▼

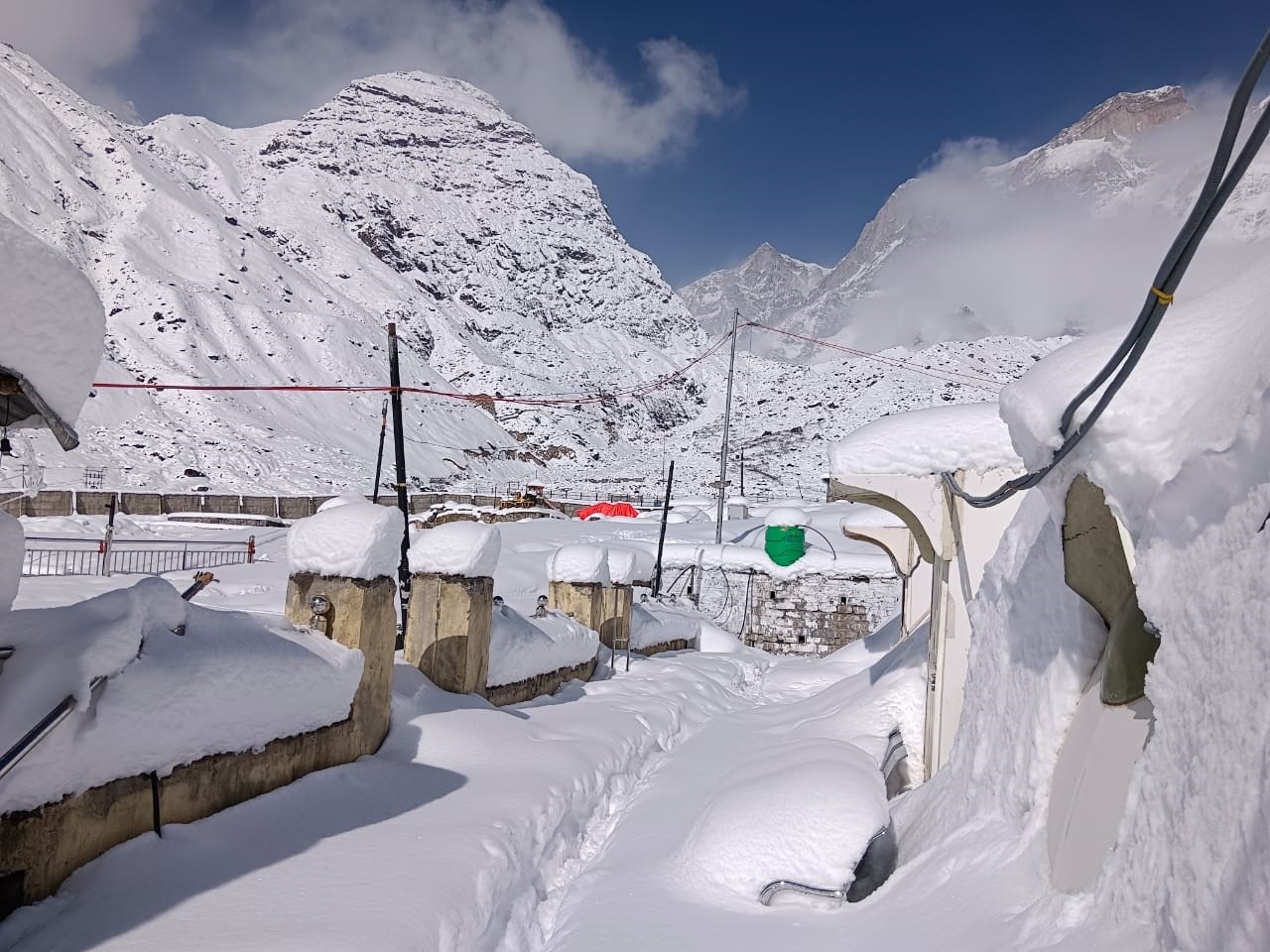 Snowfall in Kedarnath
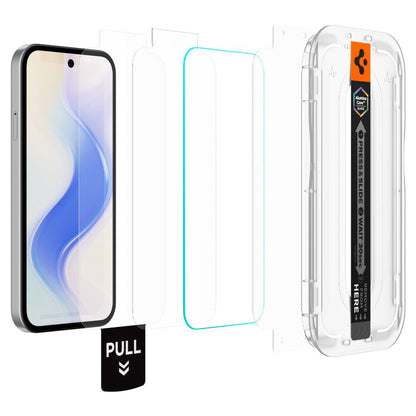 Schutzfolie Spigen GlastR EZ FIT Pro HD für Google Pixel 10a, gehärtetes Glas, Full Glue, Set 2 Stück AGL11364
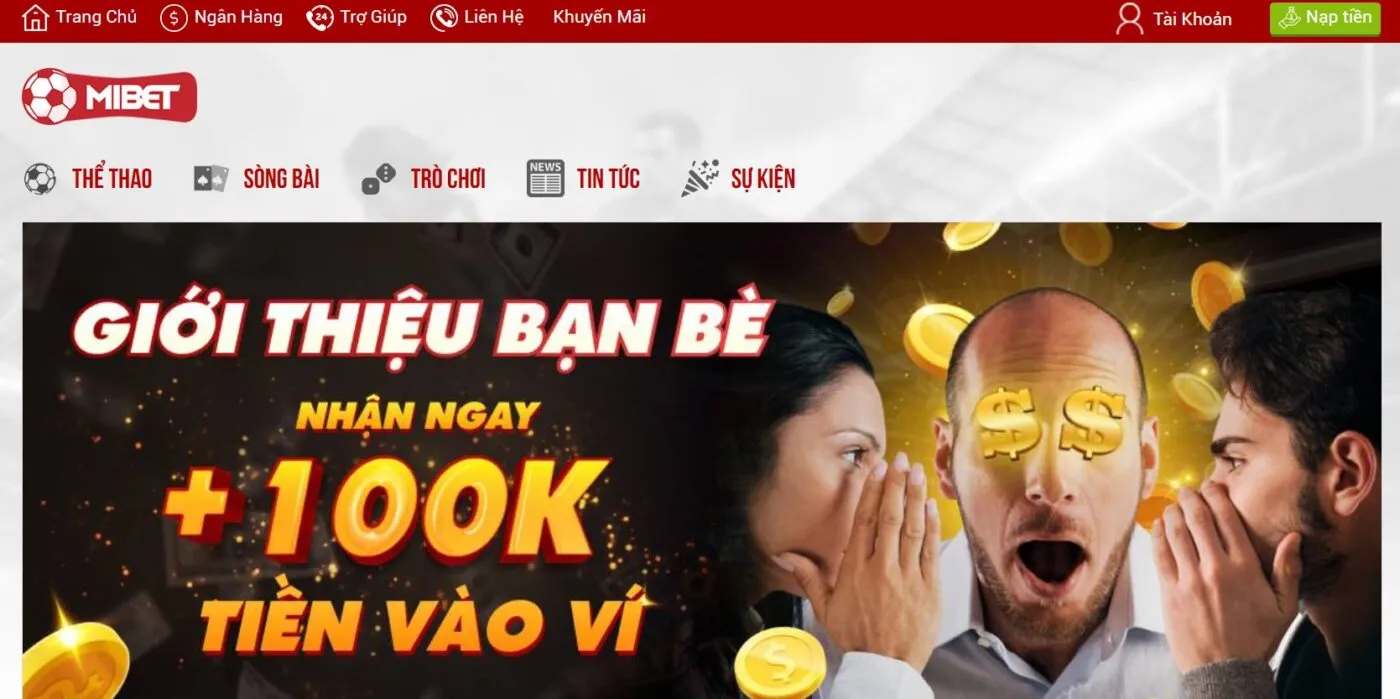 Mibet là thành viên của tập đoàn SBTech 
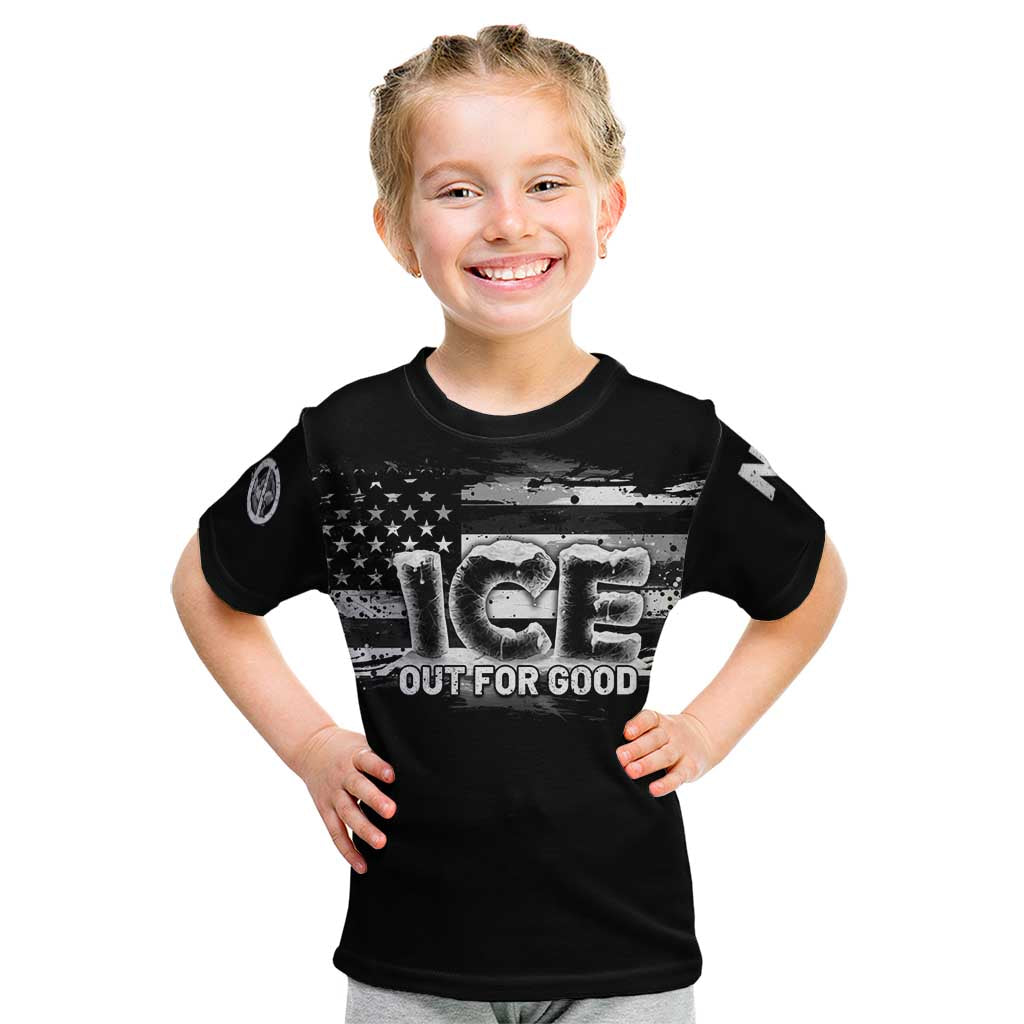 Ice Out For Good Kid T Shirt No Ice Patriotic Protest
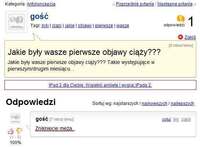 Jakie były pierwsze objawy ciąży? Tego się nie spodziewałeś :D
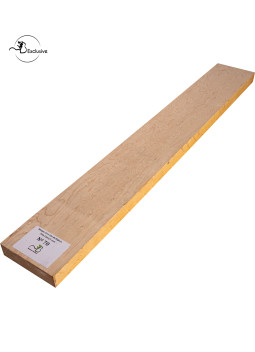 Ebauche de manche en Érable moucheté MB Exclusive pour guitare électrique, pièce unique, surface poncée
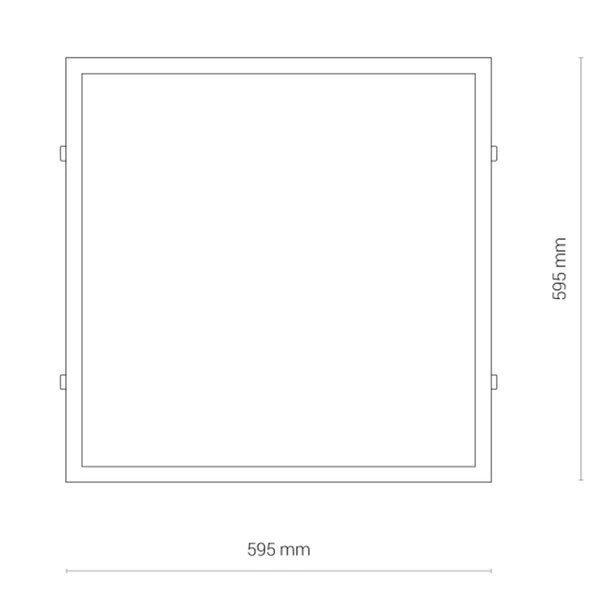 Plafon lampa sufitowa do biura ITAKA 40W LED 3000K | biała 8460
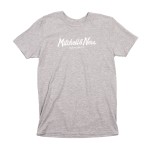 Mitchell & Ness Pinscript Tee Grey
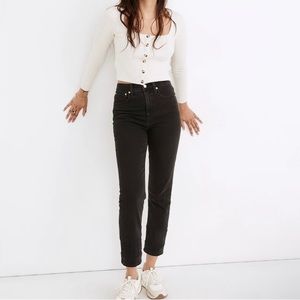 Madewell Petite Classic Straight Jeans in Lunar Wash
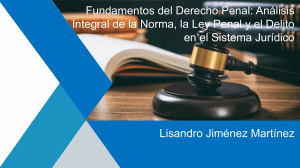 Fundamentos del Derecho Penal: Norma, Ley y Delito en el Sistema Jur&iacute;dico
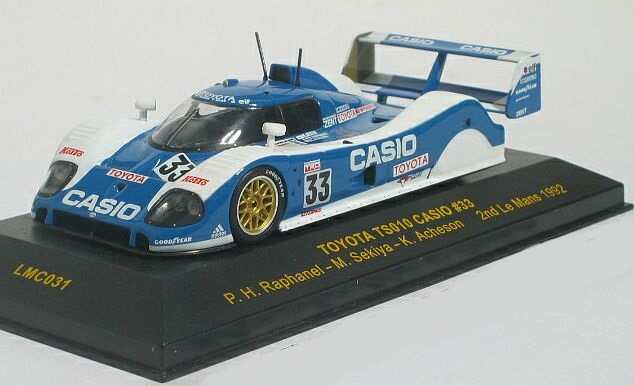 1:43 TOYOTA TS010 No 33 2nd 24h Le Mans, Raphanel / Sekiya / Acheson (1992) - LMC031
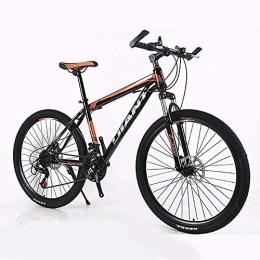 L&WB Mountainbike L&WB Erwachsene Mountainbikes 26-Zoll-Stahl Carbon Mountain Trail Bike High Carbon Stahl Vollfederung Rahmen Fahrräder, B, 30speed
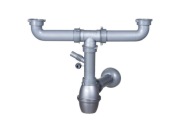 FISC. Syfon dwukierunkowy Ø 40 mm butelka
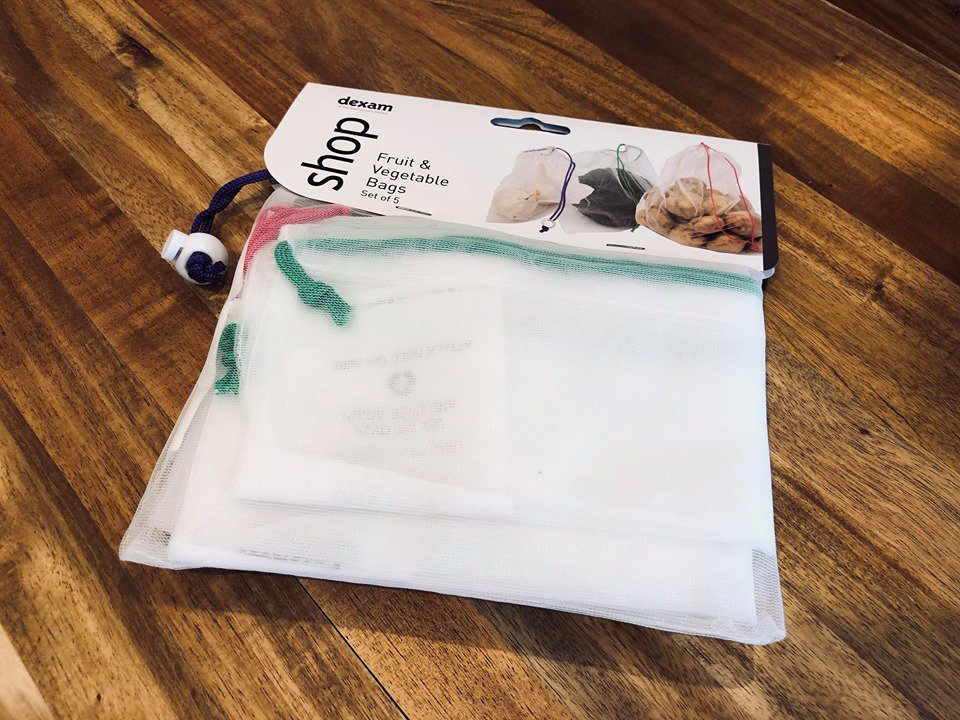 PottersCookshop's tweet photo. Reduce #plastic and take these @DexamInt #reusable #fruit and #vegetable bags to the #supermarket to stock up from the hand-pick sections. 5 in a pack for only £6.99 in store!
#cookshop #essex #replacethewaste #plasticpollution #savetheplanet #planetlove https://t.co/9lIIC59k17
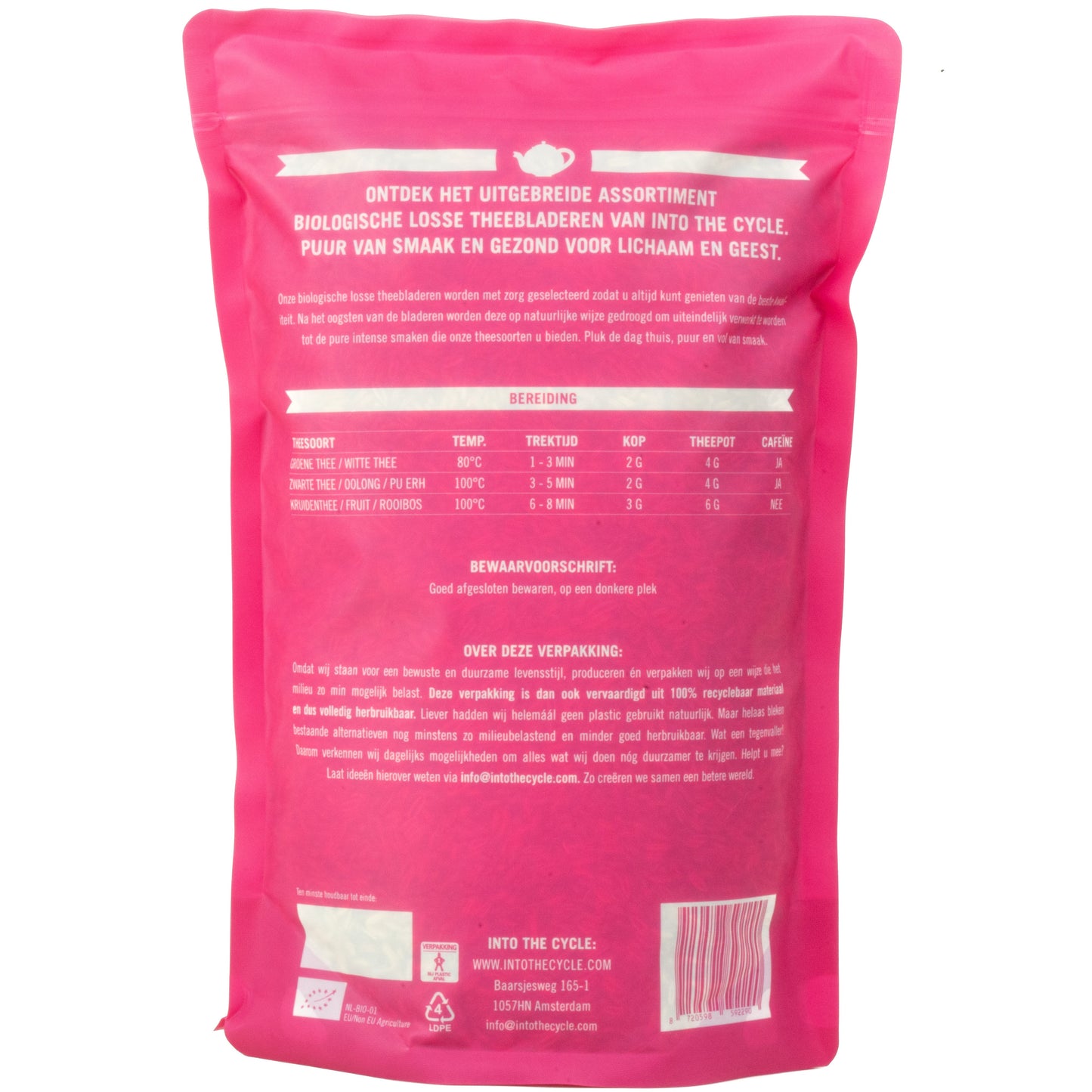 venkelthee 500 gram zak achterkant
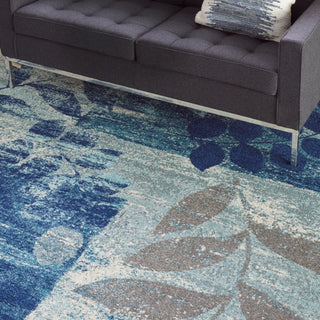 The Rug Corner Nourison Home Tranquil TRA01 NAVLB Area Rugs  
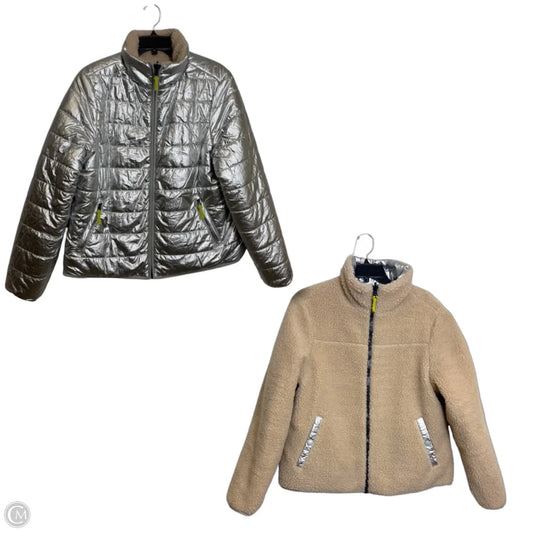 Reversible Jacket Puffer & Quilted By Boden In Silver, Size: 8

▲

▶ **Problem details**
Please repeat, exactly as written, the lines in the records above, starting with the one that has "Fundamentos del Derecho" and going on through the one that has "L&WB Mountainbike L&WB". Pictures are to be left out.

▶ **Result of this task**
 Fundamentos del Derecho Penal: Norma, Ley y Delito en el Sistema Jur&iacute;dico
 1:43 TOYOTA TS010 No 33 2nd 24h Le Mans, Raphanel / Sekiya / Acheson (1992) - LMC031
 L&WB Mountainbike L&WB Erwachsene Mountainbikes 26-Zoll-Stahl Carbon Mountain Trail Bike High Carbon Stahl Vollfederung Rahmen Fahrräder, B, 30speed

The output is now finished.